## [EXERCISE AIM]
The lines below, from the one holding "Bougainvillea-Lady Mama Formosa" through the final line, are to be copied exactly, with no other lines and no pictures.

## [SOURCE DATA]
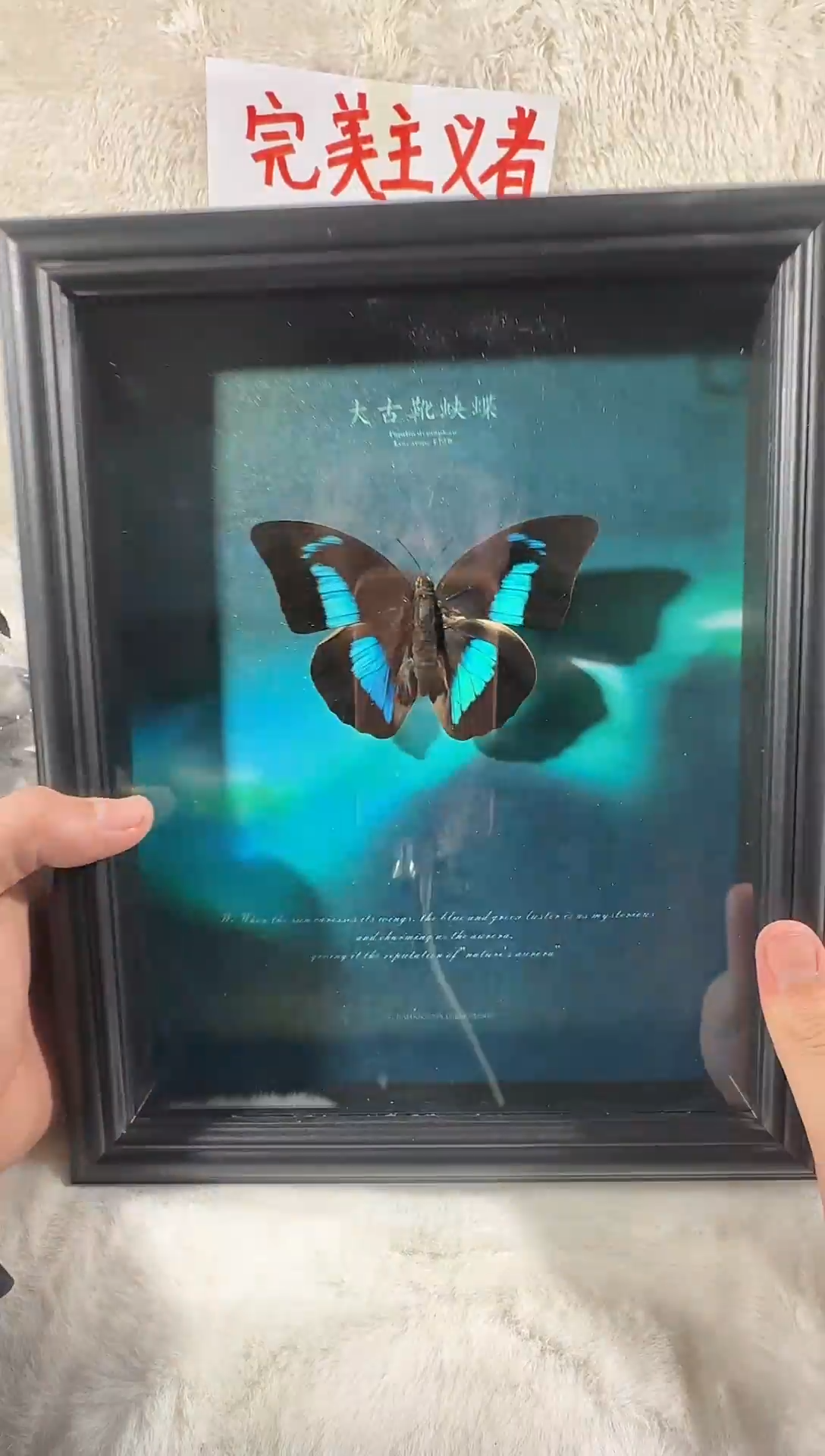 木大古靴蛱蝶10寸相框  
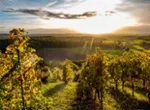 Kraichgau shutterstock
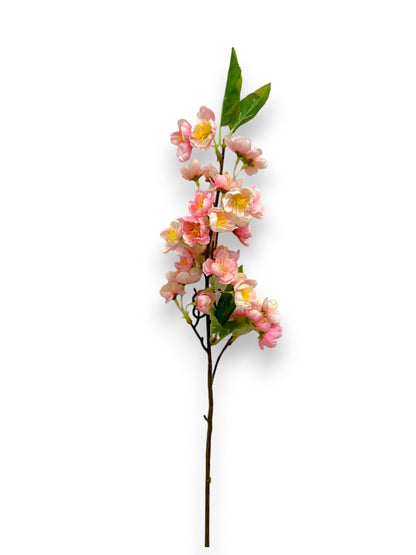 CHERRY BLOSSOM SPRAY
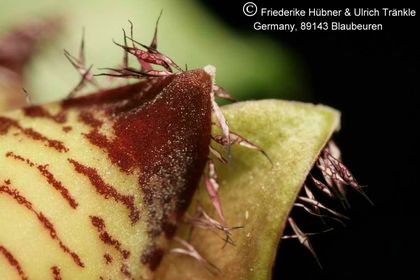 Apteranthes europaea var. judaica (negevensis) 011 – Asclepidarium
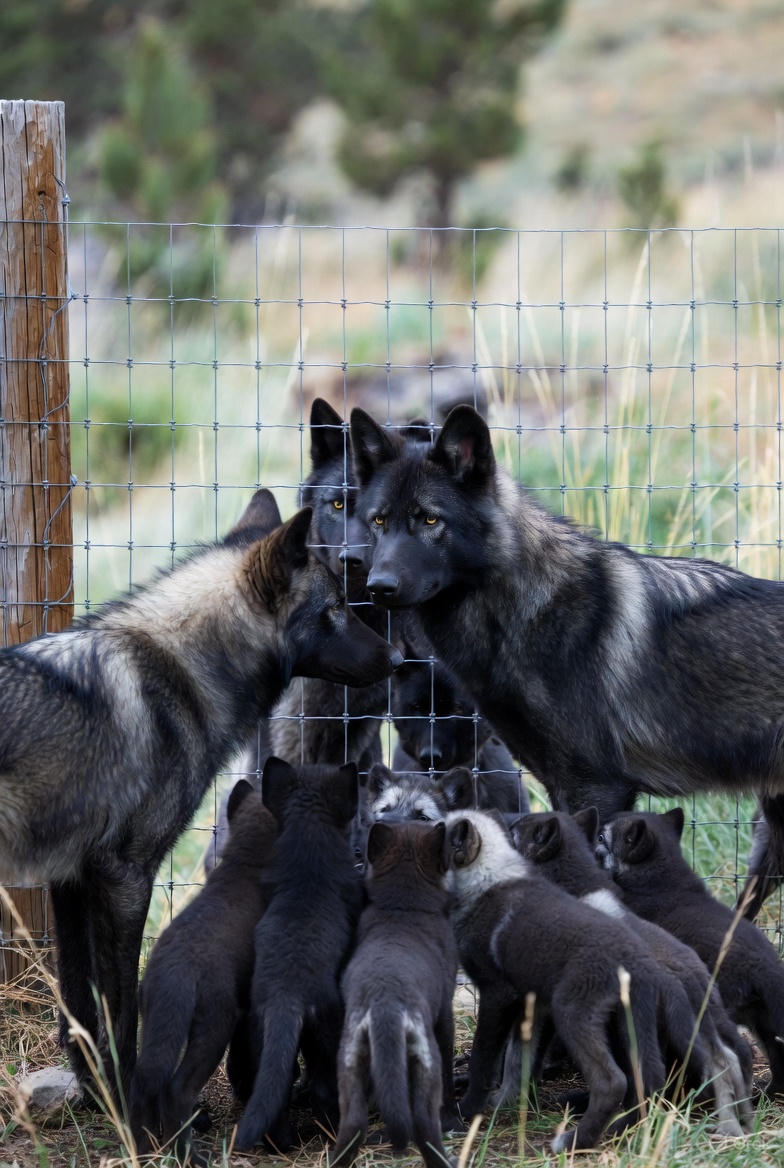 DohReyMe&theKitties3-ch12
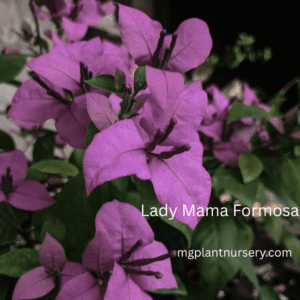 Bougainvillea-Lady Mama Formosa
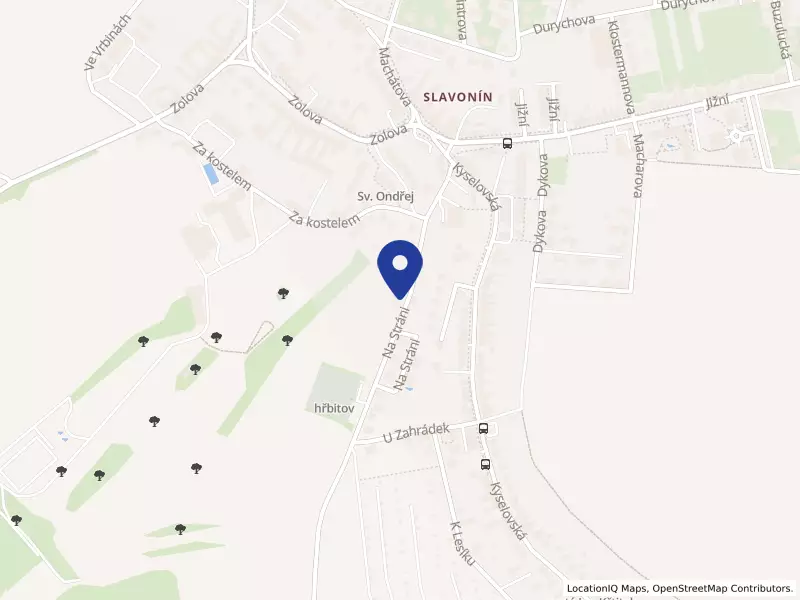 Společnost pro ranou péči, pobočka pro zrak Olomouc, Olomouc, Na Stráni 677/12, 78301 Olomouc - Slavonín, IČO 75095009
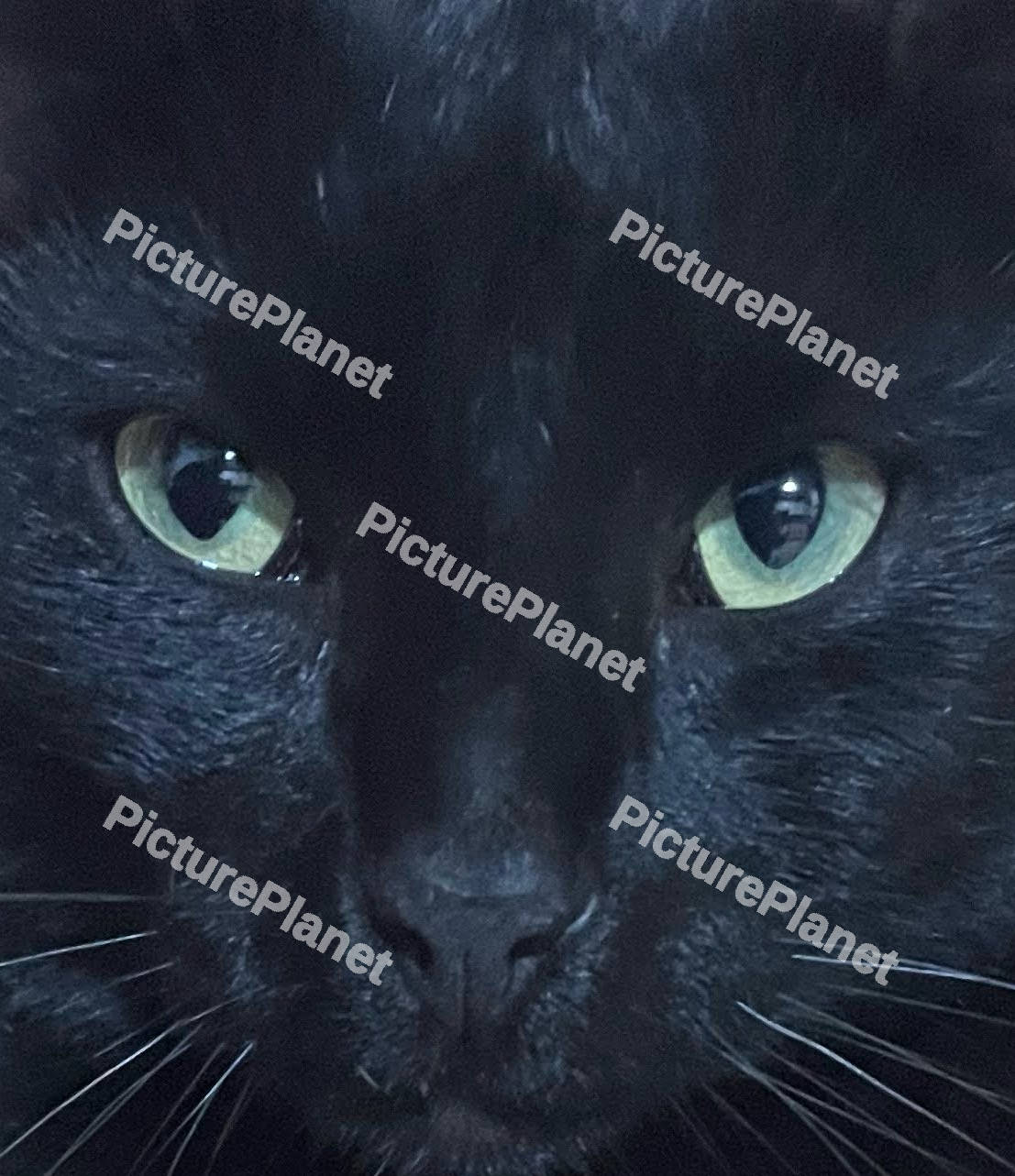 Close Up Black Cat
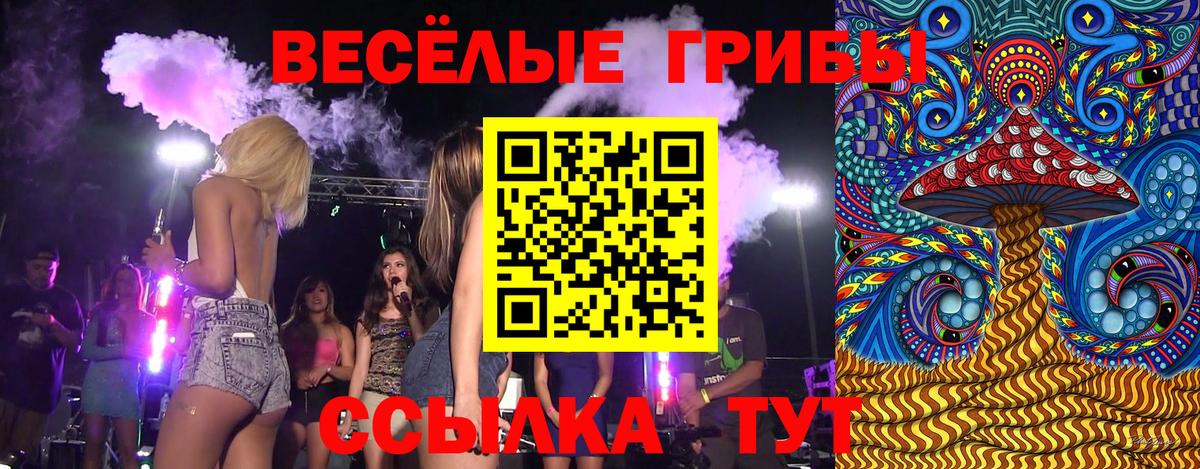 Верхняя Салда  Псилоцибиновые грибы Psilocybe  Галлюциногенные грибы Magic Shrooms  Вход с VPN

## [EXPECTED OUTPUT]
 Bougainvillea-Lady Mama Formosa
 Společnost pro ranou péči, pobočka pro zrak Olomouc, Olomouc, Na Stráni 677/12, 78301 Olomouc - Slavonín, IČO 75095009
 Close Up Black Cat
 Верхняя Салда  Псилоцибиновые грибы Psilocybe  Галлюциногенные грибы Magic Shrooms  Вход с VPN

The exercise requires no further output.